72. Critique de l’eurocentrisme
Clairement lecteur du Voltaire de Micromégas, Cadalso écrit ici à son ami le fabuliste Iriarte et témoigne, dans ce propos moqueur, de la circulation des images, des textes et des idées à travers toute l’Europe, et de la conscience prise par les intellectuels espagnols des Lumières du retard dont pâtissait leur pays.
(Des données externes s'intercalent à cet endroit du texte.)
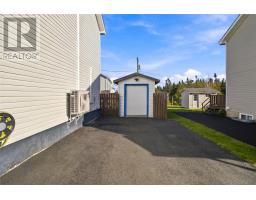 64 Sprucedale Drive thumbnail 23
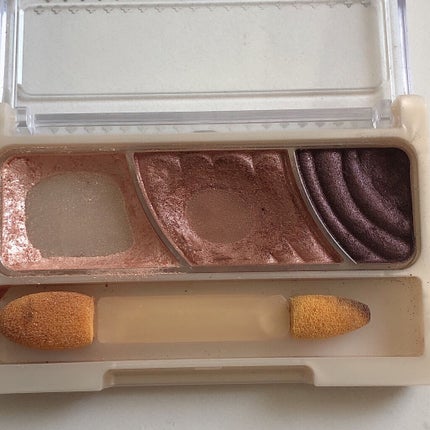 トーンアップアイシャドウ/CEZANNE/アイシャドウパレットを使ったクチコミ(3枚目)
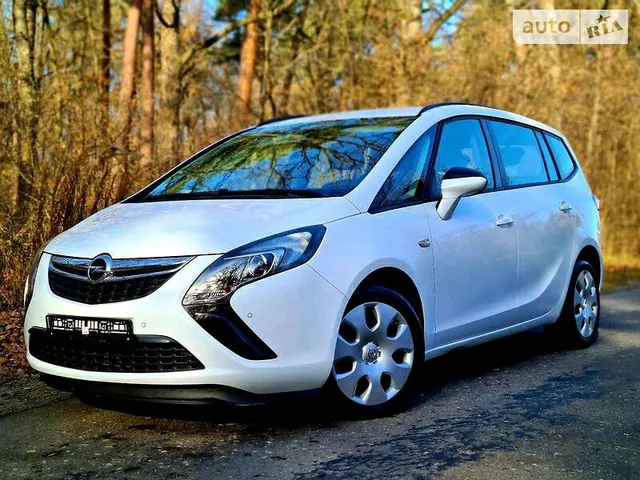 Opel Zafira TURBO
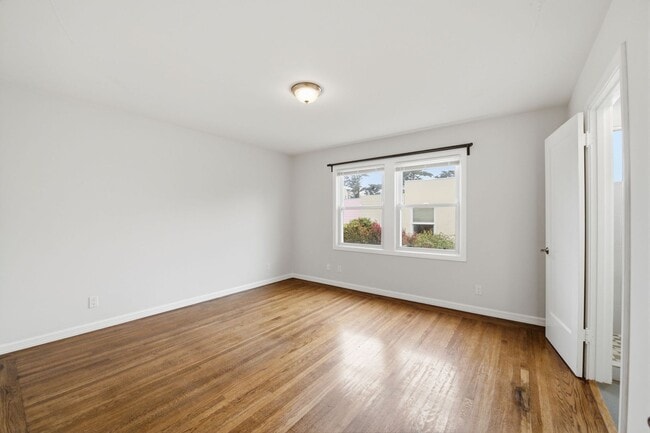 Building Photo - 1603 Ortega St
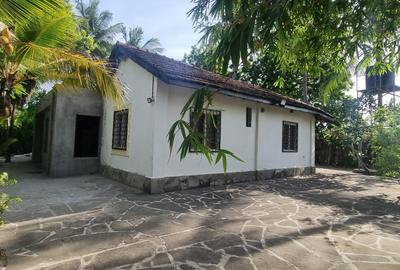 3 Bed House with En Suite at Kanamai - 4
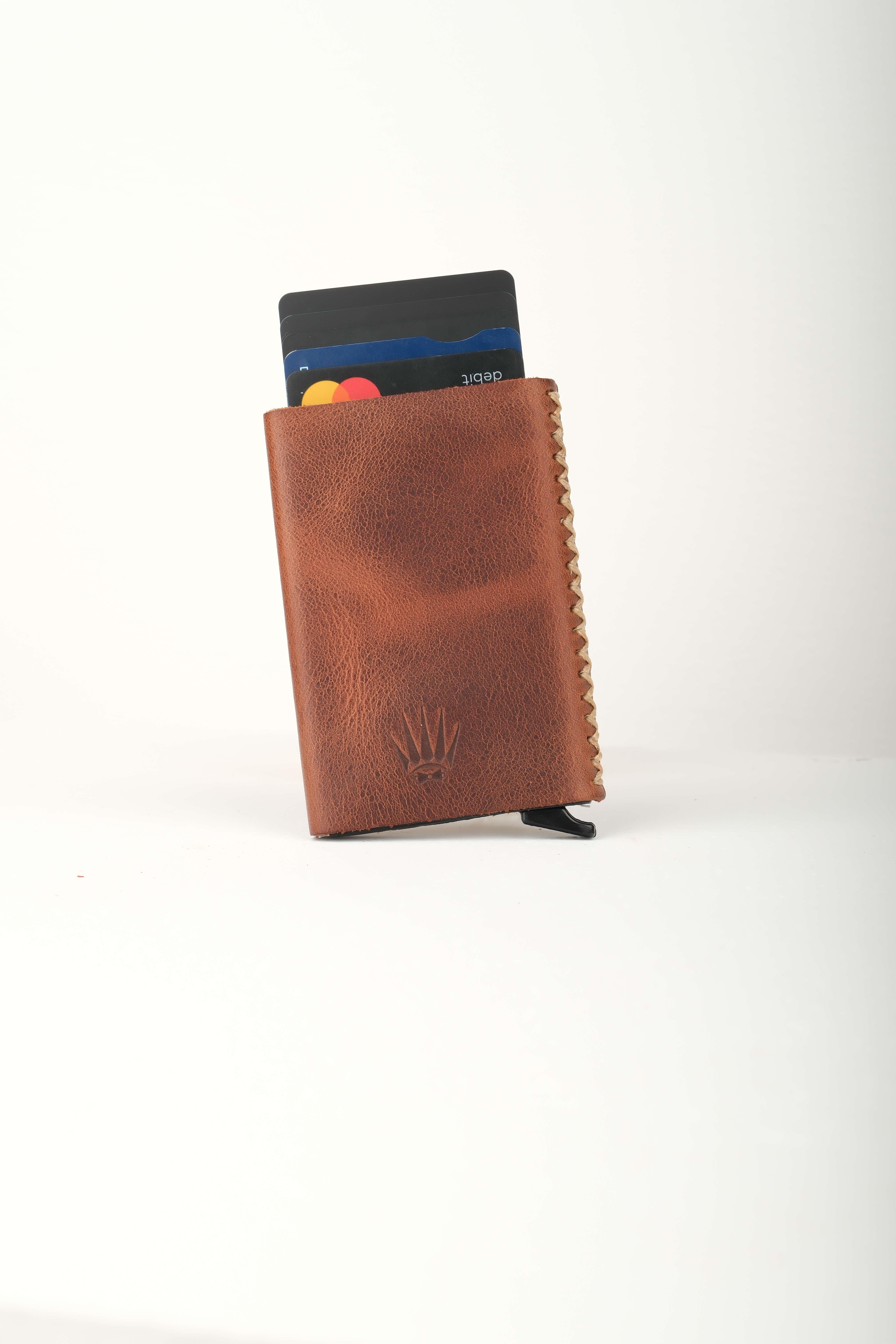 Cortex Slim Clot Kahve Hakiki Deri Bölmeli Kızaklı Mekanizmalı Kartlık WalletWATCHOFROYALCortexCortex Slim Clot Kahve Hakiki Deri Bölmeli Kızaklı Mekanizmalı Kartlık 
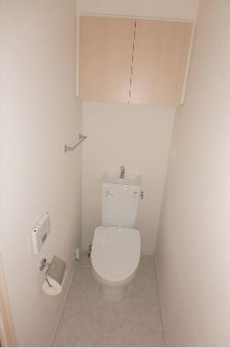 ドゥーエ新富町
Dans le café le plus fréquenté de l’une des villes principales de la Planète que nous appelons Saturne, on a l’habitude de lire les gazettes les plus authentiques et, dans le dernier paragraphe de l’une d’elles, il se trouvait la nouvelle ci-dessous, qui a été le motif de toutes les conversations dans tous les états politique, ecclésiastique, militaire, scholastique et juridique de ces contrées. Elle est arrivée jusqu’à moi comme par la magie d’une de mes voisines qui est sorcière, et où on peut lire :
« Dans un petit globe composé de solide et de liquide qui tourne autour du grand et unique luminaire, il y a une petite partie appelée Europe, habitée par des animalcules extrêmement méprisables qui s’appellent hommes. Une partie de ladite Europe presque inculte et dépeuplée s’appelle Espagne. »
Lettre de José Cadalso à Tomás de Iriarte (vers 1774).